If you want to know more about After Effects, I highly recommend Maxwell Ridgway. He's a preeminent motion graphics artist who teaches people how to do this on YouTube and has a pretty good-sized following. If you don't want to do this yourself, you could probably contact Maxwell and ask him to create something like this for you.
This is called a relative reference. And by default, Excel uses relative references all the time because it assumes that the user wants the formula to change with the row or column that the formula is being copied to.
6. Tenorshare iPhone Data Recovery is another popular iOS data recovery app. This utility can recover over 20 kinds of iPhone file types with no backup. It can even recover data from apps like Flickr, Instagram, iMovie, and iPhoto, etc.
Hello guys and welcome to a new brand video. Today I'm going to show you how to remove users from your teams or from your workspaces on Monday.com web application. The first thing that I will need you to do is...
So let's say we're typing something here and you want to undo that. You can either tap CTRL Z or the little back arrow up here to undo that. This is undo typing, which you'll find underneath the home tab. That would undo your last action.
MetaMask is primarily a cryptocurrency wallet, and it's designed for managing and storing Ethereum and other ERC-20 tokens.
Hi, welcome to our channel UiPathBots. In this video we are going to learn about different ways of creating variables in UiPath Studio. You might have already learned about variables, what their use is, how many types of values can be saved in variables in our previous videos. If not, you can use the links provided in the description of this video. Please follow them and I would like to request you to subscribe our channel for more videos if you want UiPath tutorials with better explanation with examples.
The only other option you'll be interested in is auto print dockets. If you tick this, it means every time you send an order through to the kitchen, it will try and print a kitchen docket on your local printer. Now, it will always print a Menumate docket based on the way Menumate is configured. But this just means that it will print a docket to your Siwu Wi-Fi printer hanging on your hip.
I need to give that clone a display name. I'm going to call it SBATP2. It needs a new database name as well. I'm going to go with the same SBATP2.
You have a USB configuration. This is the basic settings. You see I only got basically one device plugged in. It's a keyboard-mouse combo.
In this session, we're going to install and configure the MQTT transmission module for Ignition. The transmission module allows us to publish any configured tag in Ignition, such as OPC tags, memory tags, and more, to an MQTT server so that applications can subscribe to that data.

# What is required
Nothing but a number should be given: how many lines in the records hold the word "need".

# Your response
2